A Winner When Tech Spending Turns

09/15/2009 12:30 pm EST

Focus: STOCKS

Tobin Smith

Founder and Chief Research Analyst, NBT Equity Group

Tobin Smith and Joshua Levine of ChangeWave Investing say that Dell should profit big from a revival in technology spending and the launch of a new operating system.

We're expecting at least 2.5% GDP growth in [the third quarter, and] the outlook for corporate spending continues to improve, albeit slowly, as we head into 2010.

Last quarter we saw that corporate [information technology] spending was rapidly stabilizing, and in our latest [ChangeWave] survey, we see no significant change for better or worse.

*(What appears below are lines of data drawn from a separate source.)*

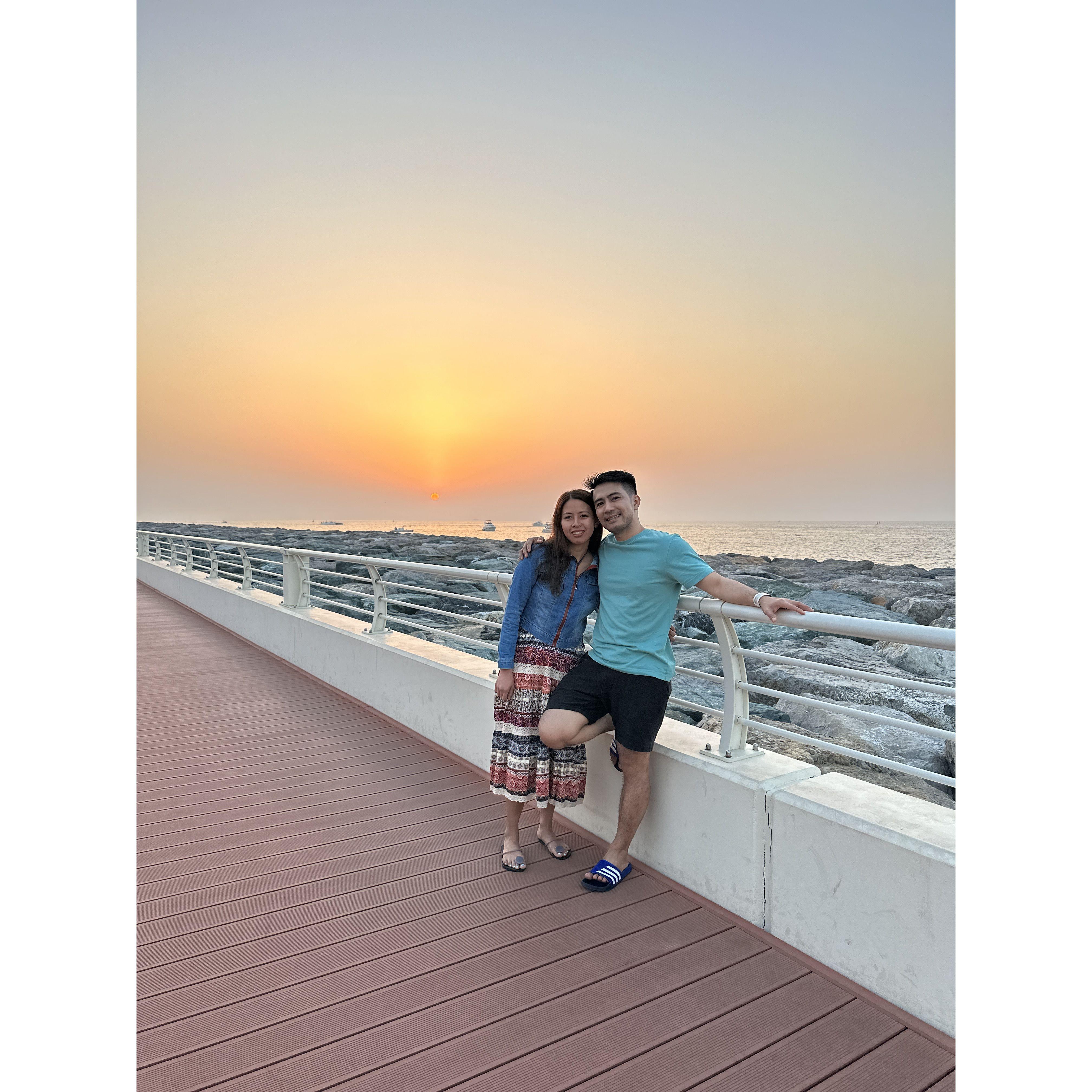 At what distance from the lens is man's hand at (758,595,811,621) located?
2.33 metres

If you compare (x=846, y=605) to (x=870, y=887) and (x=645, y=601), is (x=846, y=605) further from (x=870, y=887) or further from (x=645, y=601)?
(x=870, y=887)

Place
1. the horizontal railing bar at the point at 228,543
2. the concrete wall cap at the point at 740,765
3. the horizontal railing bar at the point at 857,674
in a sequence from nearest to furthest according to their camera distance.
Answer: the horizontal railing bar at the point at 857,674 < the concrete wall cap at the point at 740,765 < the horizontal railing bar at the point at 228,543

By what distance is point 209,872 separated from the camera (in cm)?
287

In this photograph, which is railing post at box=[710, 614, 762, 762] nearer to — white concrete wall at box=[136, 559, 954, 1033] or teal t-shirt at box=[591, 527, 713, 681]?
white concrete wall at box=[136, 559, 954, 1033]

When we look ahead to the first half of 2010, we see some more positive signs. Twenty-four percent thought their company's first-half 2010 budget will be greater than the second half of 2009—a four-point improvement since the previous survey. Only 19% thought their company's IT budget will be less than the second half of 2009—also four points better. Importantly, this was the most optimistic longer-term outlook we've seen in two years.

As for vendors, Microsoft (Nasdaq: MSFT) and Dell (Nasdaq: DELL) showed signs of momentum—possibly due to the combination of the impending release of Windows 7 and a potentially big push to replace enterprise PCs, many of which are at least four years old.

Following Dell's upbeat results [recently], we've moved the company to the top of our watch list as we anxiously await results of our current corporate demand quarterly survey—as well as the upcoming corporate PC and server purchasing report.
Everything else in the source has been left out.